_PROBLEM STATEMENT:_
Using the data below, transcribe exactly everything from the line that contains "Продам телефон Samsung" down to the line that contains "Subaru Forester 2.0". Include both of those lines and none of the pictures.

_RECORD EXTRACTS:_
# # #

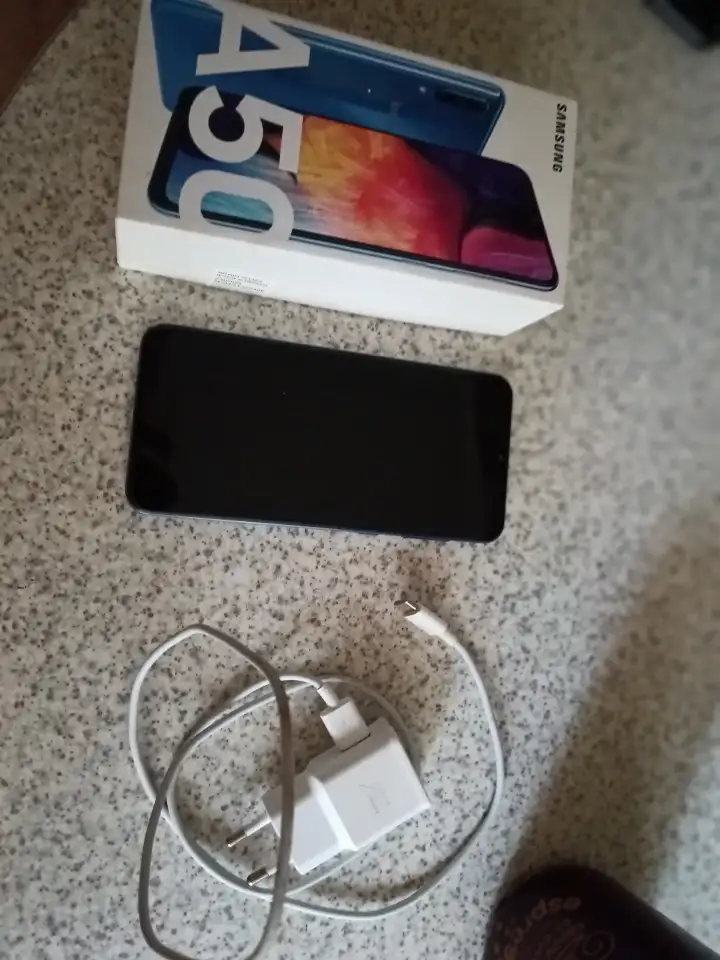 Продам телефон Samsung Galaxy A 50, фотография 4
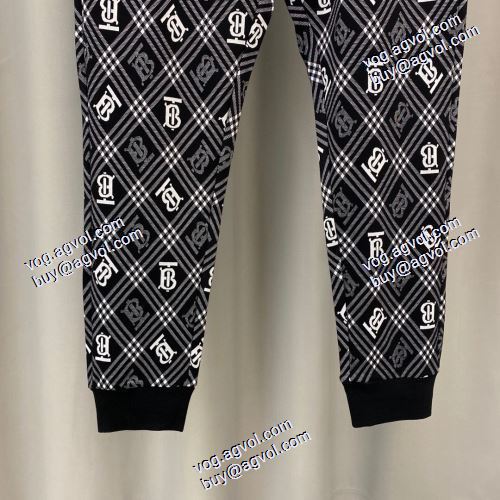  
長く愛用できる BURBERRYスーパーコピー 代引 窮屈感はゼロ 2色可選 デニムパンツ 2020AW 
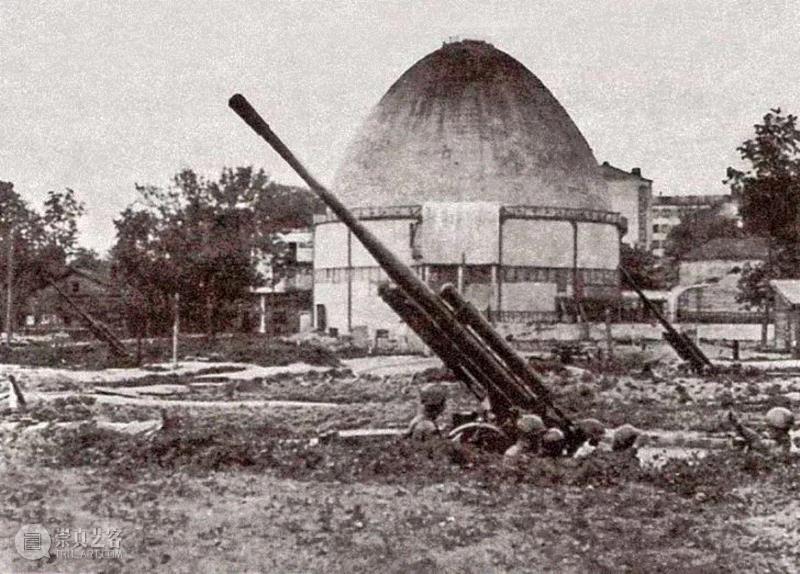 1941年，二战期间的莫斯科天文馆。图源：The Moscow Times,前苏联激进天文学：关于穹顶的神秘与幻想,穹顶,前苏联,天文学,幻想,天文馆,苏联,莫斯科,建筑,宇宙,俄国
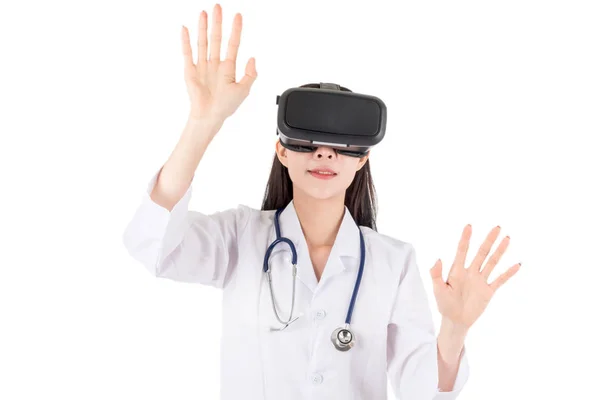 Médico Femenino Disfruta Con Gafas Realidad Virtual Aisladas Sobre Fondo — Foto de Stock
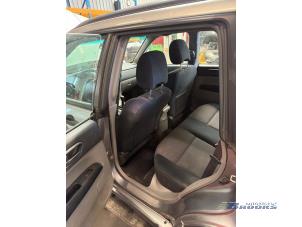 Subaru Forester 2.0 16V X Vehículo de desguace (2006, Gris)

# # #

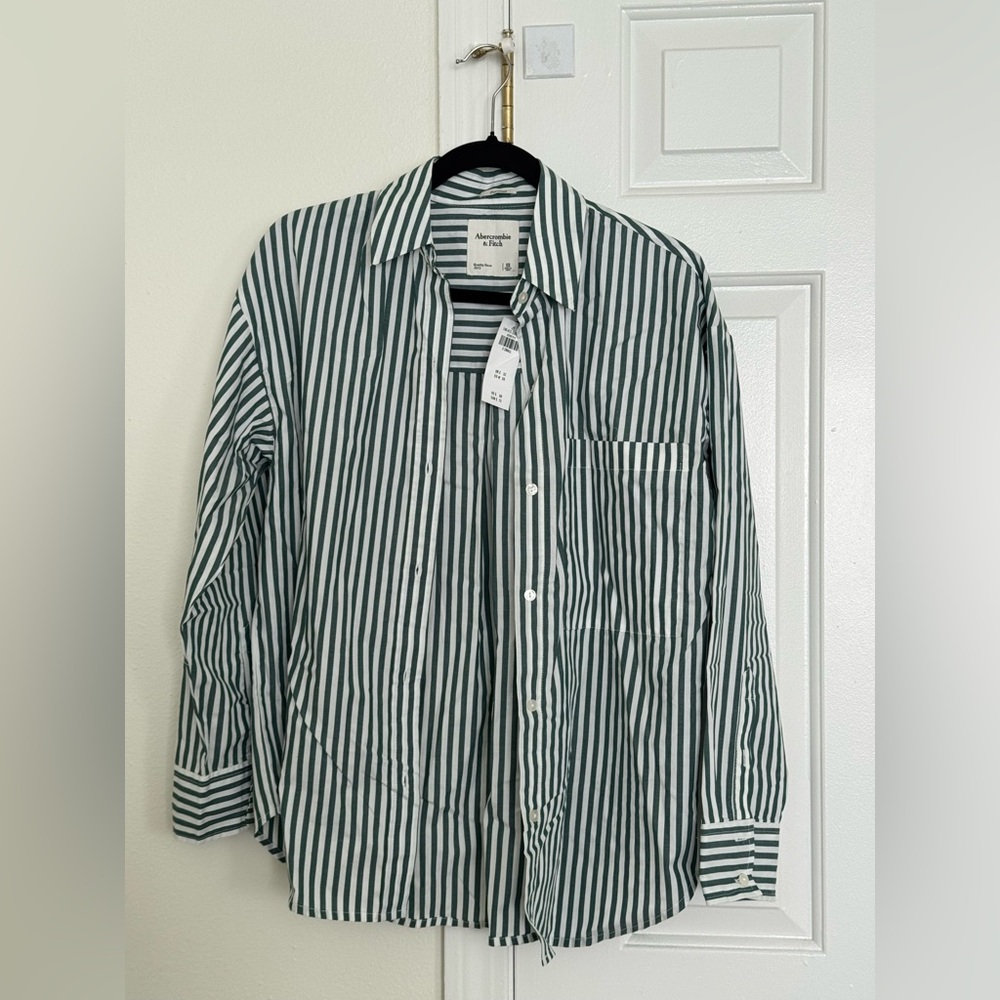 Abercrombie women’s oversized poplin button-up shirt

# # #

_WRITTEN SOLUTION:_
 Продам телефон Samsung Galaxy A 50, фотография 4
長く愛用できる BURBERRYスーパーコピー 代引 窮屈感はゼロ 2色可選 デニムパンツ 2020AW 
 1941年，二战期间的莫斯科天文馆。图源：The Moscow Times,前苏联激进天文学：关于穹顶的神秘与幻想,穹顶,前苏联,天文学,幻想,天文馆,苏联,莫斯科,建筑,宇宙,俄国
 Médico Femenino Disfruta Con Gafas Realidad Virtual Aisladas Sobre Fondo — Foto de Stock
 Subaru Forester 2.0 16V X Vehículo de desguace (2006, Gris)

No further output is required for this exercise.